In close-quarter fighting, knives might be pressed into use. Of course every pirate carried a knife. They were common seamen’s tools, and the same blade would be used to cut up food at meals. The knife wasn’t an impressive weapon, but it could get the job done.

Another weapon, which many people have never heard of, was a marlin spike. This was another sailor’s tool. These ranged in size from about 8 inches long to huge tools nearly three feet in length. The marlinspike was simply a spike, a length of metal pointed on one end and blunted on the other.



What was its intended use? Well, working with rope formed a great part of any sailor’s work, and the marlinspike was used to help untie knots, to unravel rope, or to poke openings in the weave of a rope so that it could be spliced. In fact, the marlinspike was such an important item on a sailing ship that today the skills of using rope on a ship is called “marlinspike seamanship.”

The marlin spike is a weapon mostly because it was sharp and handy. It is featured in songs and stories where a sudden, passionate fight breaks out on shipboard. The most famous reference to pirates is in the song “The Derelict,” (Fifteen Men on a Dead Man’s Chest, Yo Ho Ho and a Bottle of Rum.)

The mate was fixed by the bos'n's pike
The bos'n' brained with a marlin spike 

The tool was used for stabbing, and of course this was most effectively used on soft tissue, especially the eyes or the throat. But, as the song notes, it was also sturdy enough to be driven through the soft bone of the temple and into the brain. A marlin spike would make a great, authentic addition to a pirate costume.

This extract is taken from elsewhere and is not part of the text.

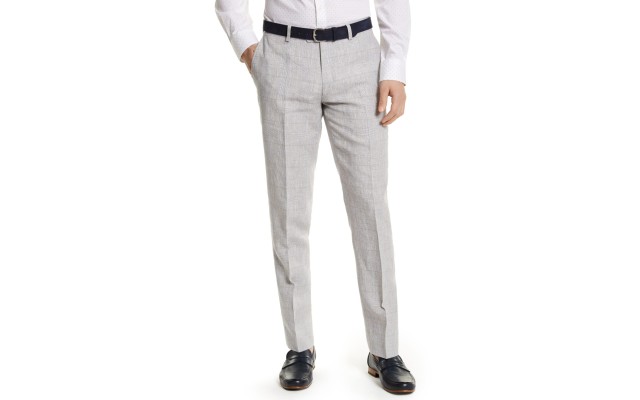  Men’s Slim-Fit Gray Plaid Linen Suit Separate Pants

Another weapon of opportunity was the belaying pin. What was a belaying pin? “Belay means “stop.”  On a sailing ship, belaying pins were devices set along the railings where ropes were tied off. The pins were removable, which made it easier to loose the ropes in a hurry.

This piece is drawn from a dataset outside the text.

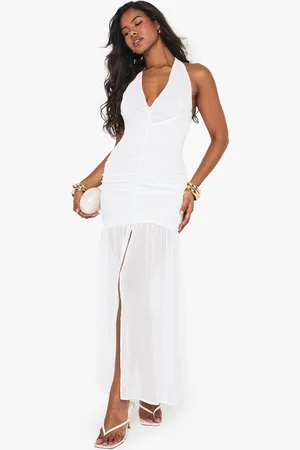 Boohoo Chiffon Ruched Dropped Hem Maxi Dress - - 8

Like any other weapon of opportunity, it was simple to pick up a belaying pin and crack someone over the head with it, a trope that Hollywood has wrung a lot of mileage out of. Given the large number of other weapons available, it seems unlikely that a belaying pin would be used very often for pirate mayhem.  

However, in actual pirate trials, Captain William Kidd was convicted of murdering a man by hitting him in the head with a bucket, and another pirate murdered a shipmate by smashing his head with a trough used for feeding the ship’s chickens. So anything’s possible.